* Glenn Parker (Mar 20, 2005 17:10):
> > > > Well, the problem is that a String is represented by one long
> > > > sequence of bytes in memory.

> > > AFAIK, that is not actually a requirement for a Ruby
> > > implementation.

> > What does that mean?  That is how it's implemented in Ruby.  There's
> > no definition of how Ruby should be implemented.

> Sure there is: a Ruby implementation should implement the Ruby
> language as currently defined.  What I'm saying is that there is
> nothing in the definition of the Ruby language that forces an
> implementor to use contiguous blocks of memory for strings or arrays.

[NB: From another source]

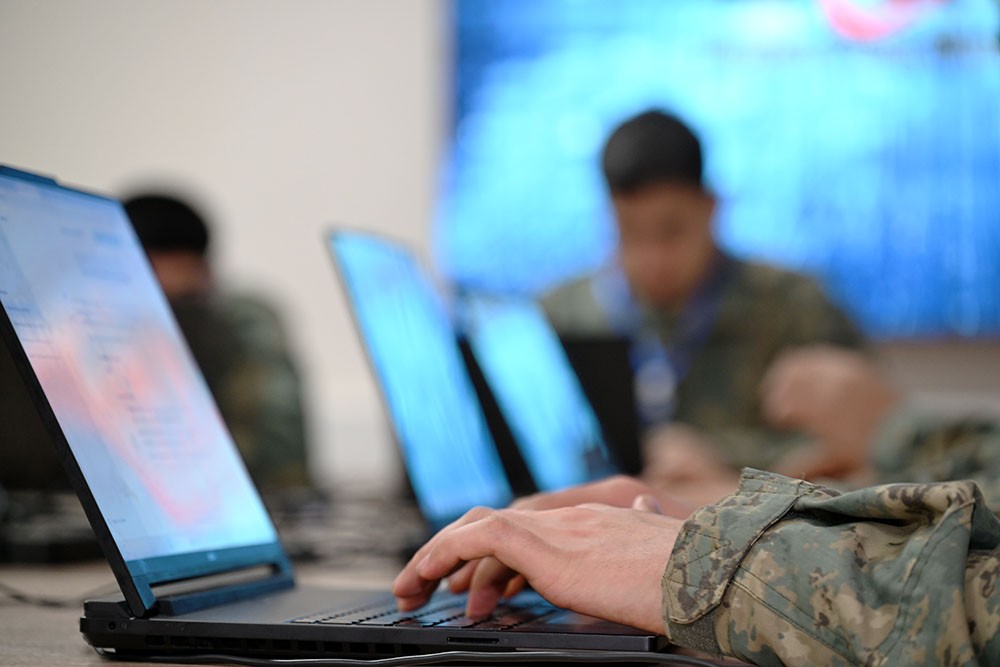 Azərbaycan və Britaniya hərbçiləri kibertəhlükəsizlik təlimində - FOTO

Well, yes there is.  You are forgetting the C interface:
RSTRING(str)->ptr is used in a lot of modules.

> Managing large strings as linked chunks is something text editors
> already do for performance.

It's not a very good representation for a text editor, though.  The
lookup method becomes O(n), which is just terrible.  Read [1] for an
overview of representing sequences.  I have already mentioned Ropes a
couple of times as a possible solution to the problem of dealing with
large strings.

> Assertions about how strings should or should not be used are based,
> in part, on assumptions that should be questioned.

Yes, but the whole point is that they haven't and it seems that people
don't realize how their implementation limits their use.  A String is
simply not well-suited for sequences longer than some certain limit
(depending on system and so on).  There are ways to alleviate these
issues.  For me, the most obviously good solution would be to add
another sequence data structure that would fit use-cases where long
sequences are expected.

> > The implementation is the standard.

> I would rather say: The most widely used implementation is the de
> facto standard.  :)

Which, in this case, is like saying what I already said.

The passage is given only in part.